EXERCISE INPUT:
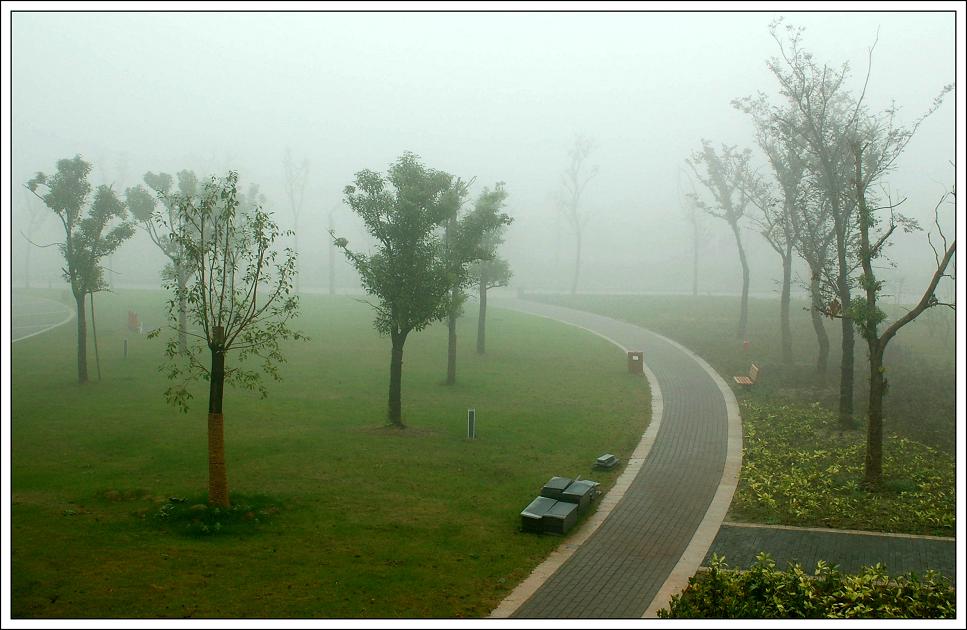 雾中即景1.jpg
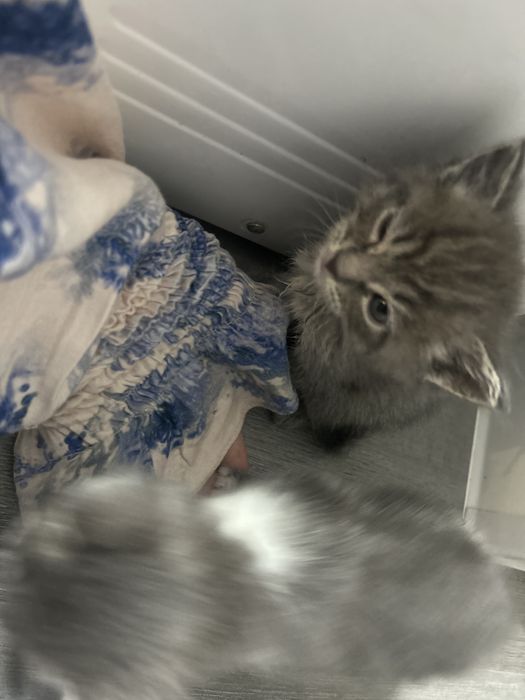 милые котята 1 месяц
--
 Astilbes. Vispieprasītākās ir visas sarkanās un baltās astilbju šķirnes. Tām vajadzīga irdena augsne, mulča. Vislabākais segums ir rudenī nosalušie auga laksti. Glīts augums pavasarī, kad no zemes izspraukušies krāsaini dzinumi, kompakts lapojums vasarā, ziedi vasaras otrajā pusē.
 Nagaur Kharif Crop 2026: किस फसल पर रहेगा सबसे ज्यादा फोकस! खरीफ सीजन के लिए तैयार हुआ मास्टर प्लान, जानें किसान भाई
==
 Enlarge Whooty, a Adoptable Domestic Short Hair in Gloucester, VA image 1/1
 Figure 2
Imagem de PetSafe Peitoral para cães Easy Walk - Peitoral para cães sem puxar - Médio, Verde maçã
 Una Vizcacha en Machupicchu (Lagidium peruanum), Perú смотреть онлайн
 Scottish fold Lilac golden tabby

WHAT THE TASK REQUIRES: Of the entries above, repeat exactly the lines between the line with "Imagem de PetSafe" and the line with "Scottish fold Lilac golden tabby", inclusive, and no others.

WRITTEN REPLY:
Imagem de PetSafe Peitoral para cães Easy Walk - Peitoral para cães sem puxar - Médio, Verde maçã
 Una Vizcacha en Machupicchu (Lagidium peruanum), Perú смотреть онлайн
 Scottish fold Lilac golden tabby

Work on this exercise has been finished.